:: Description of the task ::
Please set down, word for word, the line that contains "Bioderma Sensibio H2O" and every line after it to the end of the entries below, omitting the pictures.

:: Record set ::
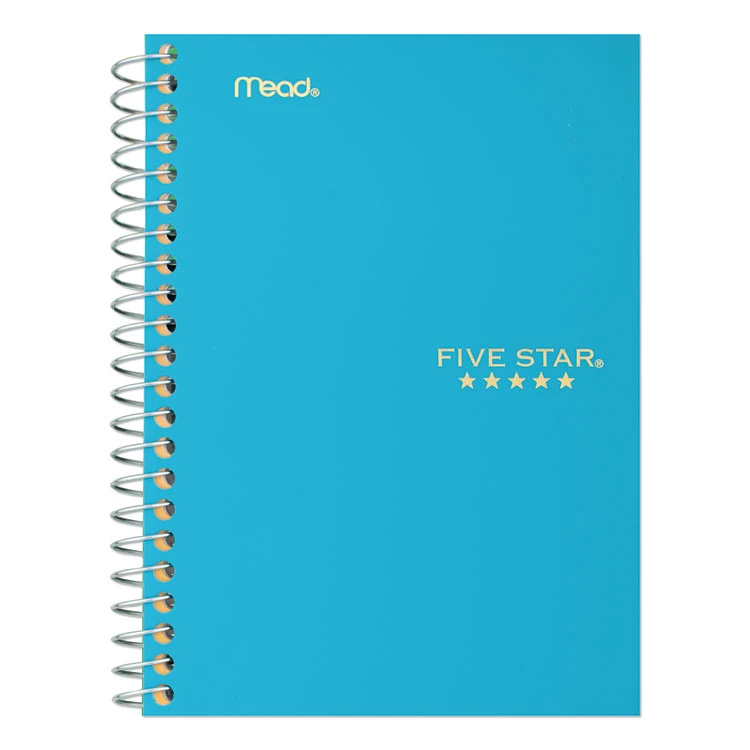 Wirebound Notebook With Two Pockets, 1-Subject, Medium/College Rule, Randomly Assorted Cover Color, (100) 7 X 4.38 Sheets - Image 10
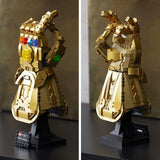 LEGO 76191 Marvel Super Heroes Infinity Glove Avengers Thanos Glove Modèle de construction pour adultes Article de fan Cadeau pour hommes Femmes Elle Lui Jeux de construction Besuche den LEGO-Store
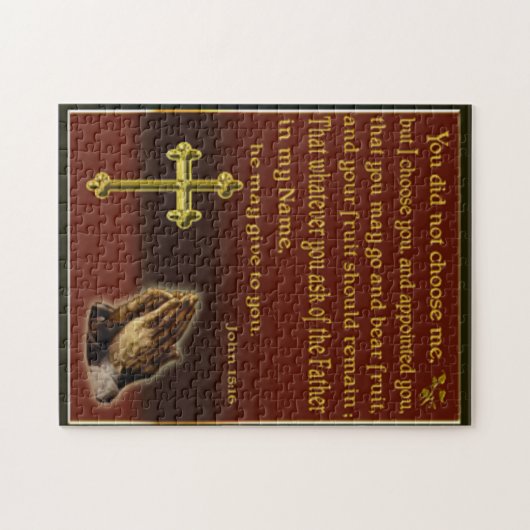 John 15:16 Puzzle (Horizontal)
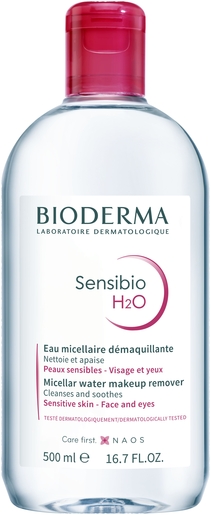 Bioderma Sensibio H2O Solution Micellaire Peaux Sensibles 500ml | Nos Best-sellers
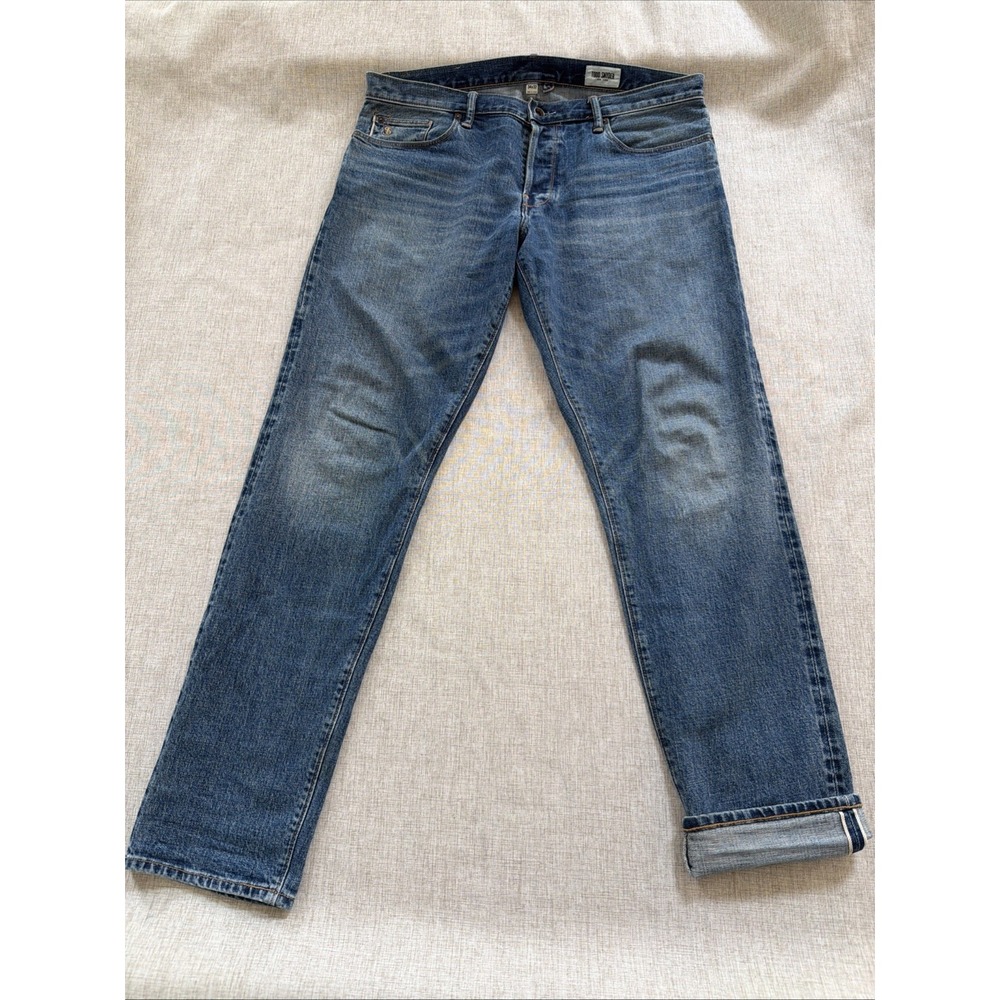 Todd Snyder Selvedge Jeans 34X32 Japanese Denim Button Fly Medium Wash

:: Your solution ::
 Bioderma Sensibio H2O Solution Micellaire Peaux Sensibles 500ml | Nos Best-sellers
 Todd Snyder Selvedge Jeans 34X32 Japanese Denim Button Fly Medium Wash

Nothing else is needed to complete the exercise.